I don't use the word "totalitarian" lightly, preferring in past posts to refer to "authoritarian" tendencies.  On reflection, watching what has happened over the past few months and better understanding the academic theories driving the Woke, I think totalitarian is the more accurate word.  It is a totalizing philosophy that considers the personal as political.  It reaches everything in life, including one's private thoughts.  They will come for your job, they will destroy your career, they will deny you educational opportunities.  Everything in your life is in play.  It is an unending version of the Salem Witch Trials. You can read my Your Future series for more on this philosophy.

They feel threatened as long as everyone in society is not in accord with their beliefs.  And eliminating that threat requires complete control of society.  It reminds me of the scene in Godfather II, when Michael Corleone responds to Tom Hagen’s question about why Michael needed to continue to kill people when he’d already won his gangland war, “I don’t feel I have to wipe everyone out, Tom. Just my enemies“.   And anyone who does not agree with them is an enemy to the Woke.

U.S. Grant's observation in his Memoirs of the cause of the Civil War also comes to mind:

Prior to the time of these encroachments the great majority of the people of the North had no particular quarrel with slavery, so long as they were not forced to have it themselves.  But they were not willing to play the role of police for the South . . .  

The encroachments Grant refers to are the Fugitive Slave Act and other intrusions into the life of the North that the Southern slave owners insisted upon because they felt threatened.  The Identitarian Philosophy bear similarities to the attitude of the Southern aristocracy in the 1850s, which felt threatened by anything going on elsewhere in the United States that could be seen as undermining the legitimacy of its ruling philosophy.

During the decades leading up to the Civil War, that aristocracy became more aggressive in demanding the demolition of opposition to its rule.  It demanded, and actually undertook, censorship of abolitionist literature being transported by the postal service.  For several years it imposed a gag rule on the House, forbidding discussion of any resolutions regarding slavery.  In 1857, the Supreme Court gave us the first "Living Constitution" opinion in Dred Scott, rewriting American history in light of current conditions in order to meet the modern needs of a 19th century America, potentially opening up the entire country to slavery.

And we hear echoes of John C Calhoun in the Woke.  They agree completely with Calhoun's reinterpretation of American history which insisted that blacks were excluded from the American compact (that was the point of the 1619 Project), and we see Calhoun's nullification theory in action today in Progressive sanctuary cities where violent illegal aliens are privileged over the life and safety of law abiding Americans, including legal immigrants.  Now that I think about it, we can see the evolution of Southern views on slavery from a regrettable situation which would end someday to Calhoun's formulation of slavery as a "positive good", reflected in the change in language around abortion from Bill Clinton's "safe, rare, and legal" to its celebration today as a positive good not subject to any restriction.

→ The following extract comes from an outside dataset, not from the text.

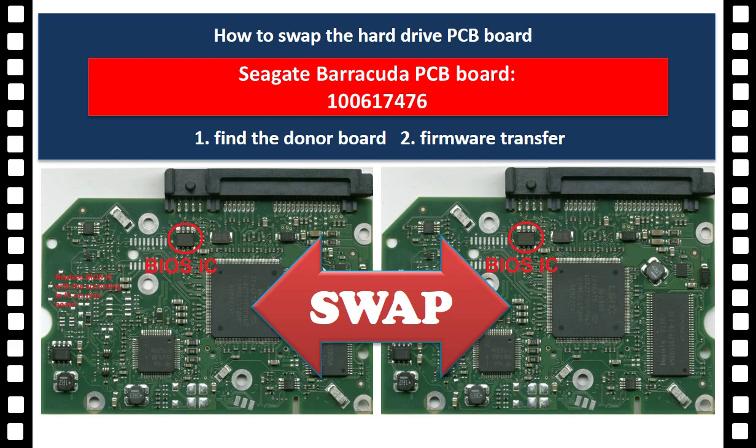Hello everyone. This is a tutorial of how to swap the hard drive PCB board.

It's why the New York Times and other media now run pieces explaining why the First Amendment needs rethinking; it's why media and the social media companies now classify and censor as hate speech, any opinions that do not align completely with the Woke creed. 

Do I think most Democratic voters support this philosophy?  No. But the party activists, including those who will fill Biden administration positions, do.  More dangerous for our future is how the events of this year revealed how many of our institutions are under the control of those who subscribe to this quasi-religious creed - look at our universities, the infiltration of these concepts into the K-12 system, the media's overwhelming support, the high tech oligarchs and their employees, public employee unions (particularly SEIU and teacher's unions), major foundations, and many large corporations.

Do I think Joe Biden supports this philosophy?  No, because I don't think he is capable anymore of understanding what is going on.  He thinks when he speaks of "systemic racism" that he means "being against racism", but the people around him know better, and it is those people I am worried about.

Can old-fashioned liberals mount a successful counter-offensive against this pernicious development?  We need a Democratic Party that turns away from the suppression of dissent, so I hope so, but have my doubts.  I now read a long list of liberals/progressives who understand the danger of Woke philosophy - Wesley Yang, Asra Nomani, Claire Lehmann, Zaid Jilani, James Lindsay, Glenn Loury, John McWhorter, Andrew Sullivan, Seerut Chawla, Bari Weiss, Inaya Folarin Iman, Mike Nayna, Colin Wright, Heather Heying, Chloe Valdary, Helen Pluckrose, Debra Soh, Bo Winegard, Bret Weinstein, Jody Shaw - they are impassioned and eloquent, but lack political influence.  It will require a lot more liberals waking up to the danger, a danger that will swallow them, not just the Right, if it prevails.

The Republicans

Three questions:

Can the post-Trump GOP find a path that rejects the coming attempt by the Romney/Sasse/Bush Remnants to regain control while avoiding falling into the fever swamp of crazies?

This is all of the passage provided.